Task description:
Give the entries again, exactly as they stand.

------ Supplied entries ------

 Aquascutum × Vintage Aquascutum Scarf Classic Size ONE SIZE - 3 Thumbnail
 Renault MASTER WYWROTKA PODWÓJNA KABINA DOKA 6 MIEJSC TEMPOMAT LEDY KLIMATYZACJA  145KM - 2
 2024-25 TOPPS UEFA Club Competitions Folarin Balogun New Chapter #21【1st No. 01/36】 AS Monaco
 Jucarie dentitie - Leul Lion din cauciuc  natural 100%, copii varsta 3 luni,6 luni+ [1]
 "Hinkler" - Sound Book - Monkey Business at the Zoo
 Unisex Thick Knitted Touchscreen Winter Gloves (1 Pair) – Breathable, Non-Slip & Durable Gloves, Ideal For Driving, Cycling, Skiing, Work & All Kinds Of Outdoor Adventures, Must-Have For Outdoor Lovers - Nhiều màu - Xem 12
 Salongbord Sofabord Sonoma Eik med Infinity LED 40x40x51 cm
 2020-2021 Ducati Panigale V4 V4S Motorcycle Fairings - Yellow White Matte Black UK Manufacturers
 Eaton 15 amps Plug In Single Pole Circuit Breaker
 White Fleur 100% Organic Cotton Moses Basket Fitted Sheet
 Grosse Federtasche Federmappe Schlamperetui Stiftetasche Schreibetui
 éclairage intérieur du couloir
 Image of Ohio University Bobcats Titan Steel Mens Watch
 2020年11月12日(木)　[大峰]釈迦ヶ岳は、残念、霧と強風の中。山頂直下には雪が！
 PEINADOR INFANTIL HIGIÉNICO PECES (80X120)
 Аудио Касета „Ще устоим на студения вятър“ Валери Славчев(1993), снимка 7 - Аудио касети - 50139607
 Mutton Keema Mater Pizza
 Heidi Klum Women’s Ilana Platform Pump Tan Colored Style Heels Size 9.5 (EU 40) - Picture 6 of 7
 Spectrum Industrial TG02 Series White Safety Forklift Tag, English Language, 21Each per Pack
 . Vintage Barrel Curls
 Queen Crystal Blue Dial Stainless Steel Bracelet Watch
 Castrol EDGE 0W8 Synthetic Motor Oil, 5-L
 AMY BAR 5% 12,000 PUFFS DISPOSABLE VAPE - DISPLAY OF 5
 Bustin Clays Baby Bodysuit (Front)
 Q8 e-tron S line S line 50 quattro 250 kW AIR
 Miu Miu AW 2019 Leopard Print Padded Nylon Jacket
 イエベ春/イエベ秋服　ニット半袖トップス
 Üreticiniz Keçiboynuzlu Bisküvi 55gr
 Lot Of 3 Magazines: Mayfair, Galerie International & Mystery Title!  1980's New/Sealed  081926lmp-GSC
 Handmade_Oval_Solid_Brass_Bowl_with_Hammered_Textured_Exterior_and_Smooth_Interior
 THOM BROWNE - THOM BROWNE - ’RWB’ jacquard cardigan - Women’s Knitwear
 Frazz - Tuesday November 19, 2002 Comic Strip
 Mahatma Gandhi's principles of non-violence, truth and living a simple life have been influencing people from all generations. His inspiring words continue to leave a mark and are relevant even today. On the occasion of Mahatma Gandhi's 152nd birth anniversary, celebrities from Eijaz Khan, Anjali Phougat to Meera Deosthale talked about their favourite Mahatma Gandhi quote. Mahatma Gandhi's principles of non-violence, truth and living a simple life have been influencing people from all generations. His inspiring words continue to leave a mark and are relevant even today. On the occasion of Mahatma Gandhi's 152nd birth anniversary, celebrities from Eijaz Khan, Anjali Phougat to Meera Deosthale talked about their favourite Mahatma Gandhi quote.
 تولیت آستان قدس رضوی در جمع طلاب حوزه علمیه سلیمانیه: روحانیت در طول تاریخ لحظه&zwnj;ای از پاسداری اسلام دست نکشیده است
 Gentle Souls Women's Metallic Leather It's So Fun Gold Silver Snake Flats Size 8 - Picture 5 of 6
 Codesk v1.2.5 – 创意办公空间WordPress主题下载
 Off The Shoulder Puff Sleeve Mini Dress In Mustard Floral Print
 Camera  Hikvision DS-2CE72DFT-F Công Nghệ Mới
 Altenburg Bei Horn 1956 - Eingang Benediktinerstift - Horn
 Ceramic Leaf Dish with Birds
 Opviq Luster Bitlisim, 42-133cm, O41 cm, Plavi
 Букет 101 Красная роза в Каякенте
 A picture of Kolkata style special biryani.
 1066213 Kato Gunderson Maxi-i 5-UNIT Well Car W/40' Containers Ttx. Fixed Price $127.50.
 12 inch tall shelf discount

------

Task response:
 Aquascutum × Vintage Aquascutum Scarf Classic Size ONE SIZE - 3 Thumbnail
 Renault MASTER WYWROTKA PODWÓJNA KABINA DOKA 6 MIEJSC TEMPOMAT LEDY KLIMATYZACJA  145KM - 2
 2024-25 TOPPS UEFA Club Competitions Folarin Balogun New Chapter #21【1st No. 01/36】 AS Monaco
 Jucarie dentitie - Leul Lion din cauciuc  natural 100%, copii varsta 3 luni,6 luni+ [1]
 "Hinkler" - Sound Book - Monkey Business at the Zoo
 Unisex Thick Knitted Touchscreen Winter Gloves (1 Pair) – Breathable, Non-Slip & Durable Gloves, Ideal For Driving, Cycling, Skiing, Work & All Kinds Of Outdoor Adventures, Must-Have For Outdoor Lovers - Nhiều màu - Xem 12
 Salongbord Sofabord Sonoma Eik med Infinity LED 40x40x51 cm
 2020-2021 Ducati Panigale V4 V4S Motorcycle Fairings - Yellow White Matte Black UK Manufacturers
 Eaton 15 amps Plug In Single Pole Circuit Breaker
 White Fleur 100% Organic Cotton Moses Basket Fitted Sheet
 Grosse Federtasche Federmappe Schlamperetui Stiftetasche Schreibetui
 éclairage intérieur du couloir
 Image of Ohio University Bobcats Titan Steel Mens Watch
 2020年11月12日(木)　[大峰]釈迦ヶ岳は、残念、霧と強風の中。山頂直下には雪が！
 PEINADOR INFANTIL HIGIÉNICO PECES (80X120)
 Аудио Касета „Ще устоим на студения вятър“ Валери Славчев(1993), снимка 7 - Аудио касети - 50139607
 Mutton Keema Mater Pizza
 Heidi Klum Women’s Ilana Platform Pump Tan Colored Style Heels Size 9.5 (EU 40) - Picture 6 of 7
 Spectrum Industrial TG02 Series White Safety Forklift Tag, English Language, 21Each per Pack
 . Vintage Barrel Curls
 Queen Crystal Blue Dial Stainless Steel Bracelet Watch
 Castrol EDGE 0W8 Synthetic Motor Oil, 5-L
 AMY BAR 5% 12,000 PUFFS DISPOSABLE VAPE - DISPLAY OF 5
 Bustin Clays Baby Bodysuit (Front)
 Q8 e-tron S line S line 50 quattro 250 kW AIR
 Miu Miu AW 2019 Leopard Print Padded Nylon Jacket
 イエベ春/イエベ秋服　ニット半袖トップス
 Üreticiniz Keçiboynuzlu Bisküvi 55gr
 Lot Of 3 Magazines: Mayfair, Galerie International & Mystery Title!  1980's New/Sealed  081926lmp-GSC
 Handmade_Oval_Solid_Brass_Bowl_with_Hammered_Textured_Exterior_and_Smooth_Interior
 THOM BROWNE - THOM BROWNE - ’RWB’ jacquard cardigan - Women’s Knitwear
 Frazz - Tuesday November 19, 2002 Comic Strip
 Mahatma Gandhi's principles of non-violence, truth and living a simple life have been influencing people from all generations. His inspiring words continue to leave a mark and are relevant even today. On the occasion of Mahatma Gandhi's 152nd birth anniversary, celebrities from Eijaz Khan, Anjali Phougat to Meera Deosthale talked about their favourite Mahatma Gandhi quote. Mahatma Gandhi's principles of non-violence, truth and living a simple life have been influencing people from all generations. His inspiring words continue to leave a mark and are relevant even today. On the occasion of Mahatma Gandhi's 152nd birth anniversary, celebrities from Eijaz Khan, Anjali Phougat to Meera Deosthale talked about their favourite Mahatma Gandhi quote.
 تولیت آستان قدس رضوی در جمع طلاب حوزه علمیه سلیمانیه: روحانیت در طول تاریخ لحظه&zwnj;ای از پاسداری اسلام دست نکشیده است
 Gentle Souls Women's Metallic Leather It's So Fun Gold Silver Snake Flats Size 8 - Picture 5 of 6
 Codesk v1.2.5 – 创意办公空间WordPress主题下载
 Off The Shoulder Puff Sleeve Mini Dress In Mustard Floral Print
 Camera  Hikvision DS-2CE72DFT-F Công Nghệ Mới
 Altenburg Bei Horn 1956 - Eingang Benediktinerstift - Horn
 Ceramic Leaf Dish with Birds
 Opviq Luster Bitlisim, 42-133cm, O41 cm, Plavi
 Букет 101 Красная роза в Каякенте
 A picture of Kolkata style special biryani.
 1066213 Kato Gunderson Maxi-i 5-UNIT Well Car W/40' Containers Ttx. Fixed Price $127.50.
 12 inch tall shelf discount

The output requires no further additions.